__EXERCISE INPUT__.
* * * *

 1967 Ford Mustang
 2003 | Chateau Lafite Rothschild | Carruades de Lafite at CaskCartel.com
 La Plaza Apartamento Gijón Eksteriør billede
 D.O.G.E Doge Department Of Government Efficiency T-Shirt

* * * *

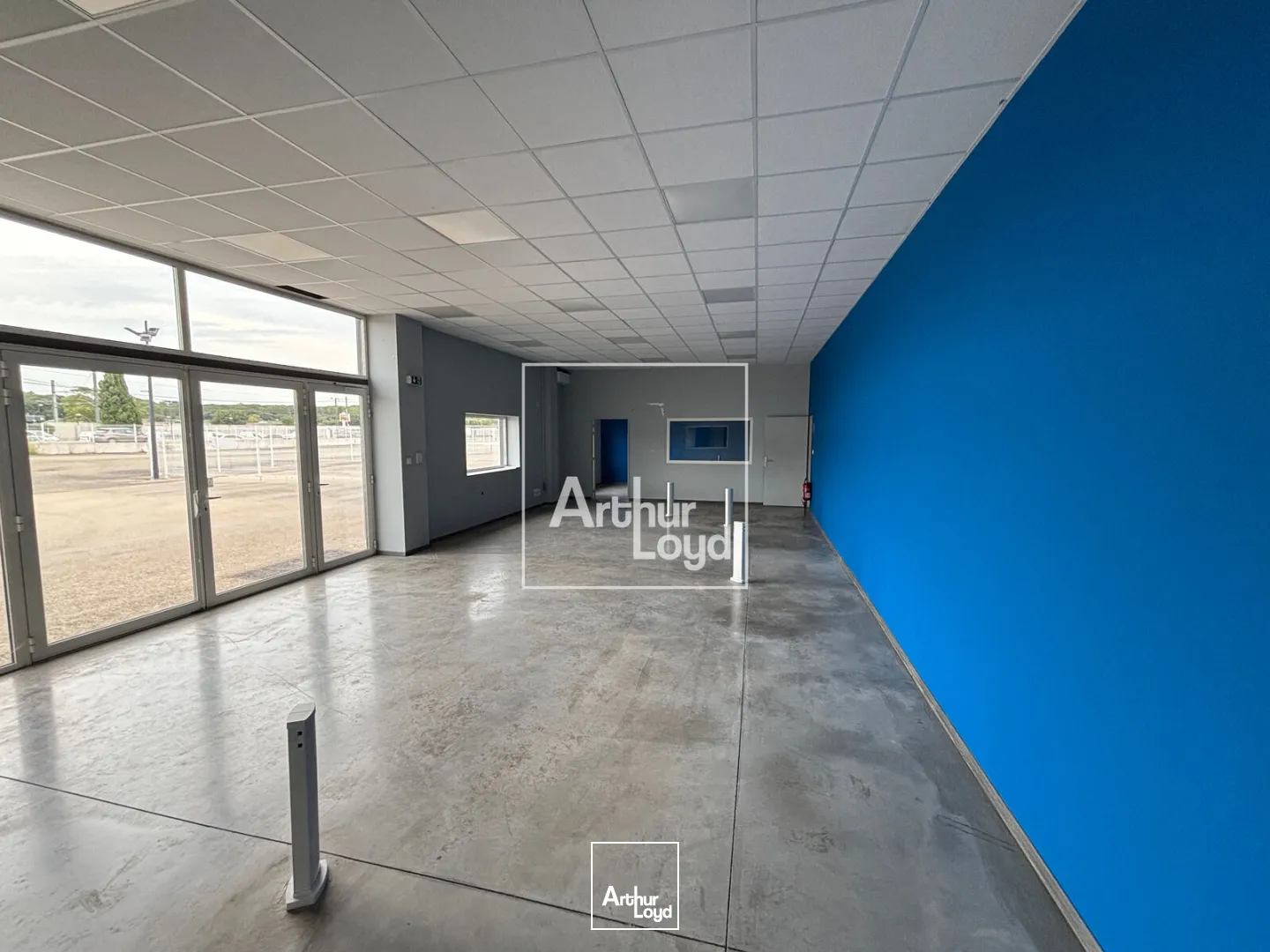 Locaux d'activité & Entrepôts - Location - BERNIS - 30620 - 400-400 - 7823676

* * * *

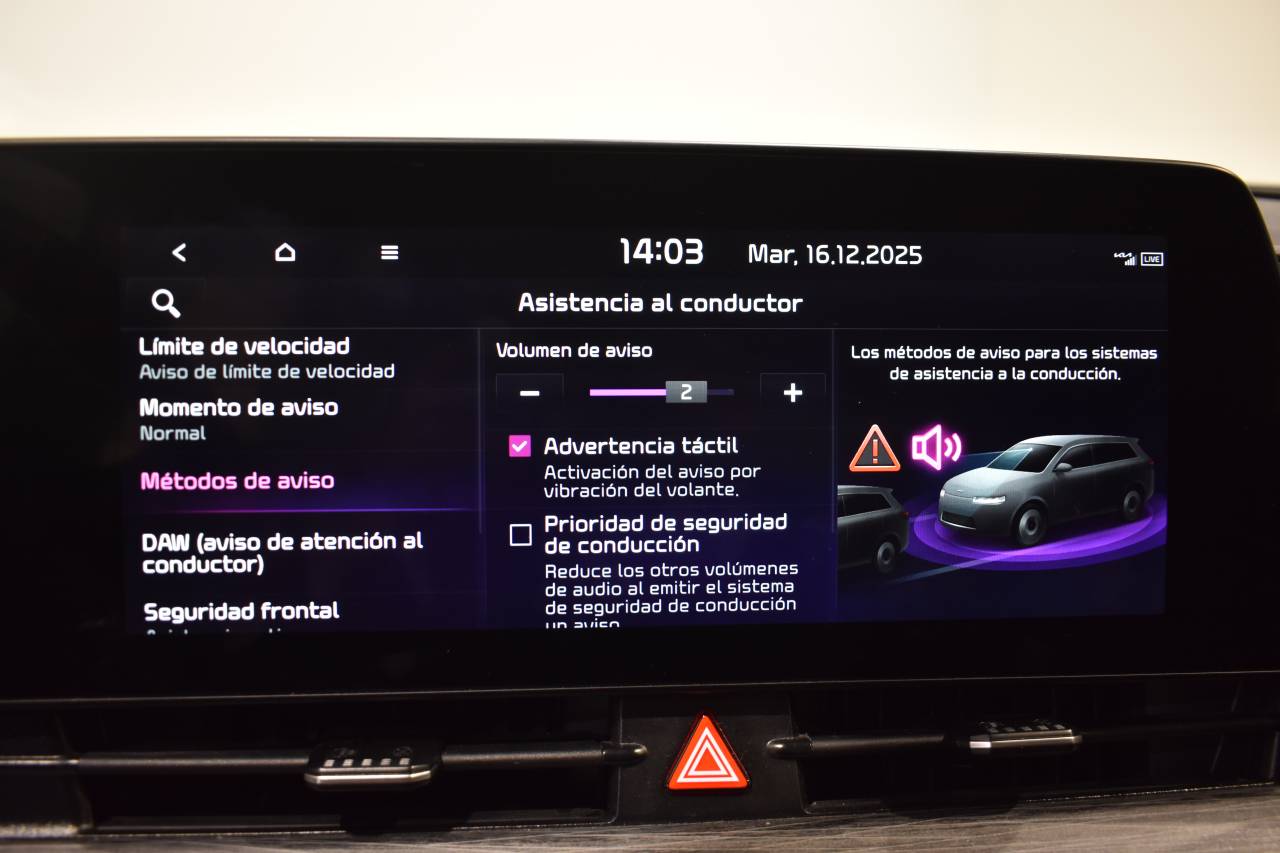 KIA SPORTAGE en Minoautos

* * * *

In the entries above, one line contains "1967 Ford Mustang" and another contains "D.O.G.E Doge Department". Reproduce exactly those two lines and the lines between them, nothing else.

 1967 Ford Mustang
 2003 | Chateau Lafite Rothschild | Carruades de Lafite at CaskCartel.com
 La Plaza Apartamento Gijón Eksteriør billede
 D.O.G.E Doge Department Of Government Efficiency T-Shirt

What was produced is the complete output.